The answer is simple: he knew he would get his rear-end handed to him, as the this cleaned-up version of the famous Western maxim goes.

Billed as “Taijiquan v Thai Boxing!”, on September 28 in Jiaozuo, Henan, China, five instructors of Chen Village Taijiquan Xue Xiao fought five Thai Boxing champions from Thailand.

Chen Taijiquan has a proud record as one of China’s most traditional fighting arts. We all know that it is a great form of exercise beneficial for everyone regardless of age and level of fitness, but somehow the martial aspect has been downplayed in the West, and to a lesser extent in China itself, to the point that many see it as nothing more than yoga done standing up, or calisthenics – the least challenging form of exercise, only fit for geriatric people.

Yes, Taijiquan can indeed be practiced for health – so can any martial art for that matter! It can be done for personal cultivation, but it is also a powerful and dynamic martial art!

The best way to show this is for elite practitioners of the historically-secretive Chen Village, to show this martial aspect to the world. This event is being billed as a “Champions Showdown” and even a cursory look at the fighting records of the competitors shows, before the fight, made it clear that it proved to be great night’s action and a stiff test for the lads from Chen Jia Gou (Chen Family Village)

Chen, Jianqiang

Fighting at 75Kgs, Chen, Jianqiang is the current over 80Kgs China national Push Hands champion. A hugely experienced Taiji competitor and winner of many push hands titles including – 2008, Henan province open-weight champion, 2009 Hunan province Championships 80kg champion and consecutive wins at the 2011 & 2013 Jiaozuo International Taijiquan Push Hands competition.

His opponent was runner up at the 2011 Thailand Bangkok tourney and was the 2012 Thailand WBC Muay Thai Tournament Champion. His fight record is an impressive 79 fights with 63 wins, 6 losses and 10 draws.

Wang, Jin Hu

Wang, Jin Hu from the Chenjiagou school was runner up in this years China national push hands tournament and was a gold medallist at the 2012 Chen Village international tournament in the traditional handform, long pole and push hands divisions.

His opponent is a seasoned and successful fighter boasting a professional Thai boxing record of 125 fights, with 114 wins, 8 losses and 3 draws. He was the 2010 Thailand Bangkok Prince’s Cup Tournament champion. He was also competed under MMA rules winning the 2011 Beijing 3MMA championships and competing in the 2012 Xian MMA championships.

Wang Yan

At 60kg Wang Yan was the 2008 Henan province push hands champion; the 2009 Hunan province championships winner at 65kg; and won consecutive push hands titles at the 2011 and 2013 Jiazuo International tournament.
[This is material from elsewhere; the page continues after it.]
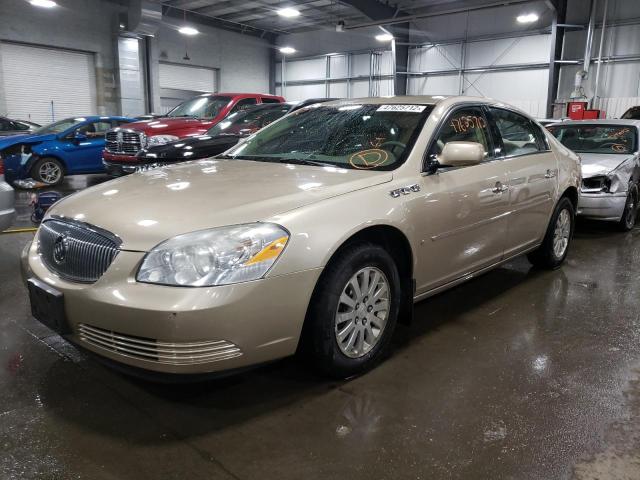 Photo 2 from auction – 2006 BUICK LUCERNE CX with VIN 1G4HP57296U174648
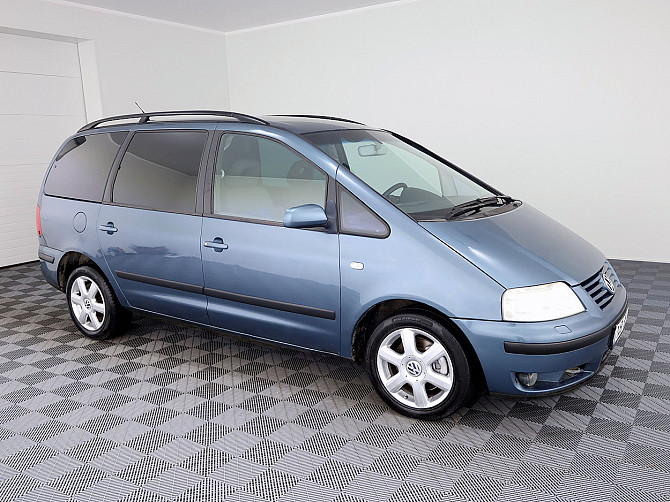 Volkswagen Sharan Comfortline ATM 1.9 TDI 85kW Таллин - изображение 1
His opponent was runner up in the 2010 Thailand Bangkok “King’s Cup; winner of the 2011 Zhanjiang Sino-Thai tournament and the 2012 Thailand Bangkok “Prince’s Cup”. He has a professional Muay Thai record of 58 fights, with 48 wins, 7 losses and 3 draws.

Zhang, Yanfei

Also at 60kg, Chen, Jiagou’s Zhang, Yanfei was runner up  at the 2007 Jiaozuo International Taijiquan Conference and winner at the same competition 4 years later in 2011. This bout is made at 65kg.

His opponent has a fight record of  57 fights, winning 40, losing 14 and drawing 3 times. His championship wins include: 2009 Thailand Chiang Mai International Thai Champ; 2010 Thailand free Style Tournament; 2011 Jiangsu Bruce Lee Jeet Kune Do World Cup Championship; and the 2012 Inner Mongolia Championship.

Chen, Ren Gao

The final bout is made at 70kgs and features  the Chenjiagou Taijiquan School’s Ren Gaochen who first place in the 65kg class in 2012 in Chenjiagou in the international push hands tournament.

His opponent is a seasoned campaigner who has had 95 fights, winning 78, losing 10 and drawing 7. His successes include: 65kg champion of the 2010 Thailand Muay Thai year-end finals; runner up at the 2011 Thailand Muay Thai King’s Cup; and champion of the 2012 Thailand Muay Thai North-South War.

So why haven’t fights to the contrary of Xu’s claims gotten any press? It’s called bias, and cognitive dissonance.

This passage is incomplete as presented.